About this blog series

This blog series will follow me along in the making of a simple game with Flutter. Not just the technical parts but also everything that happens around the implementation. 

  1. The Goal
  2. CI/CD
  3. The Architecture
  4. Implementing the Game

Using the minimax algorithm

The minimax is an algorithm that is used for the computation of the best possible move. There are a few requirements for the basic algorithm. Most importantly, the game should contain no random elements and should contain no loops. Luckily, the game does fulfill this condition. I will not go into details about the algorithm as there are many great explanations of the algorithm. For example, you can look at the explanation on Wikipedia. This is also where I got the following pseudocode:

function minimax(node, depth, maximizingPlayer) is
    if depth = 0 or node is a terminal node then
        return the heuristic value of node
    if maximizingPlayer then
        value := −∞
        for each child of node do
            value := max(value, minimax(child, depth − 1, FALSE))
        return value
    else (* minimizing player *)
        value := +∞
        for each child of node do
            value := min(value, minimax(child, depth − 1, TRUE))
        return value

First, let’s create the node. The state of our game depends on the position of the checkers. The current player is passed to the function as minimizing or maximizing player. There is also a copy function to make the next node.

class Node {
  final List<Checker> checkers;

  Node(this.checkers);

  Node copy(Move move) {
    final checkers = [
      for (final checker in this.checkers)
        if (checker == move.checker)
          checker.copyWith(coordinate: move.coordinate)
        else
          checker,
    ];
    return Node(checkers);
  }
}

This is the move class, and this is what the result should be of the minimax algorithm. If we only return the value, the AI still does not know which move to choose.

class Move {
  final Checker checker;
  final Coordinate coordinate;

  Move(this.checker, this.coordinate);
}

So the result is a combination of a move and a value. The value is to determine which action has the best result. I need the move to pick the corresponding move.

class Result {
  final Move? move;
  final int value;

  Result(this.move, this.value);
}

Now, if we compare our code with the pseudocode from Wikipedia, the biggest difference is that the minimax algorithm also returns the move. Without this move, the algorithm is pretty useless as the only result will be the max or min that the player can score.

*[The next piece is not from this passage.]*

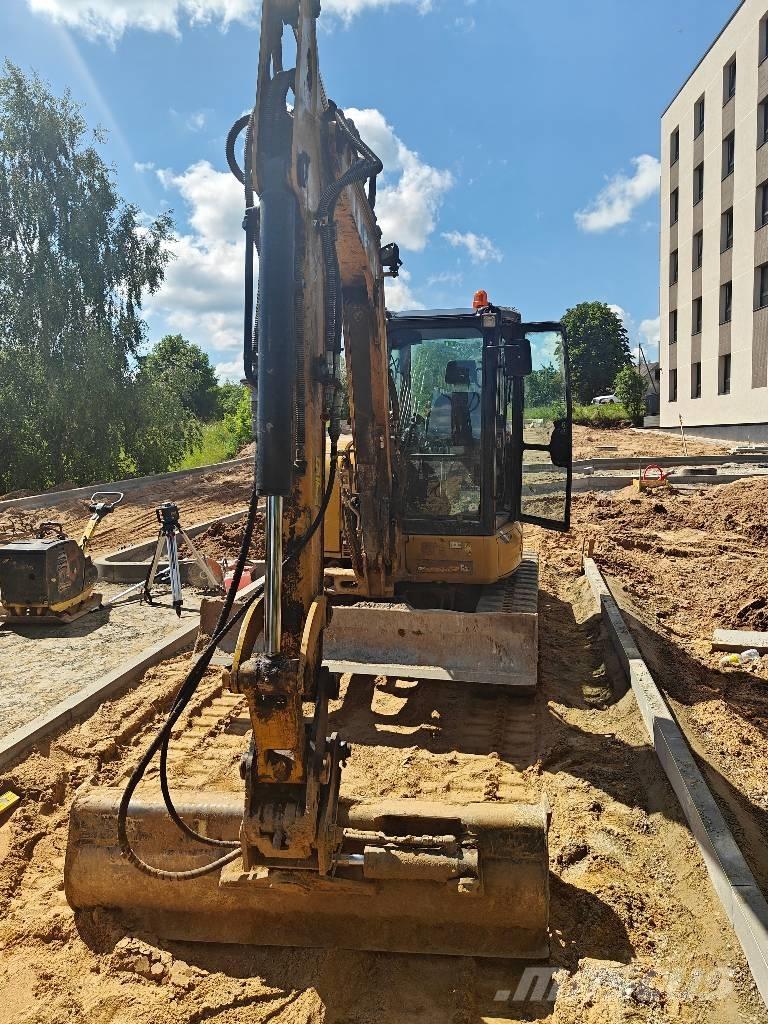 CAT 305E2 Mini rýpadla < 7t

  Result minimax(Node node, int depth, bool maximizingPlayer) {
    final winner = GameLogic.playerWon(node.checkers);
    if (depth == 0 || winner != null) {
      return computeScore(winner);
    }
    if (maximizingPlayer) {
      int value = -1000;
      Iterable<Move> moves = computeCatMoves(node);
      Move? bestmove;
      for (var move in moves) {
        var result = minimax(node.copy(move), depth - 1, !maximizingPlayer).value;
        if (result > value) {
          value = result;
          bestmove = move;
        }
      }
      return Result(bestmove, value);
    } else {
      int value = 1000;
      List<Move> moves = computeMiceMoves(node);
      Move? bestmove;
      for (var move in moves) {
        var result = minimax(node.copy(move), depth - 1, !maximizingPlayer).value;
        if (result < value) {
          value = result;
          bestmove = move;
        }
      }
      return Result(bestmove, value);
    }
  }

Let’s check if it works. In this case, the cat is already past the mice. Thus the cat only has to move forward. The reason for this is that the algorithm is quite slow, which I will discuss later. Because the algorithm is quite slow, there is only a low depth that the algorithm can compute in a reasonable time. The test has the coordinate of the next move. I started to think about this with the cat player in mind. Thus, at first, I only included the coordinate we were to move to since there is only one checker. However, this does not work for the mice as there can be cases where two mice can move to the same square.

void main() {
  test('Counter value should be incremented', () {
    final aiService = AIService(null);

    final checkers = [
      Checker(1, PlayerType.MICE, new Coordinate(0, 6)),
      Checker(2, PlayerType.MICE, new Coordinate(2, 6)),
      Checker(3, PlayerType.MICE, new Coordinate(4, 6)),
      Checker(4, PlayerType.MICE, new Coordinate(6, 6)),
      Checker(5, PlayerType.CAT, new Coordinate(5, 2))
    ];

    final node = Node(checkers);
    final result = aiService.minimax(node, 8, true);
    print(result.value);
    print(result.move?.coordinate.x);
    print(result.move?.coordinate.y);
    print(result.move?.checker.type);
  });
}

Alpha Beta Pruning

Alpha-beta pruning can speed up the minimax algorithm. The goal of the alpha-beta pruning is to prevent the searching of nodes that are never going to be chosen. For the exact details, you can look at the explanation on Wikipedia. This is also where I got the following pseudocode:

function alphabeta(node, depth, α, β, maximizingPlayer) is
    if depth = 0 or node is a terminal node then
        return the heuristic value of node
    if maximizingPlayer then
        value := −∞
        for each child of node do
            value := max(value, alphabeta(child, depth − 1, α, β, FALSE))
            if value ≥ β then
                break (* β cutoff *)
            α := max(α, value)
        return value
    else
        value := +∞
        for each child of node do
            value := min(value, alphabeta(child, depth − 1, α, β, TRUE))
            if value ≤ α then
                break (* α cutoff *)
            β := min(β, value)
        return value

The biggest difference is passing the alpha and beta to the method. For the maximizing player, this means that when the value is larger than beta, it can skip that branch. This might seem strange at first, but the minimizing player can get a lower maximum value when choosing the other branch.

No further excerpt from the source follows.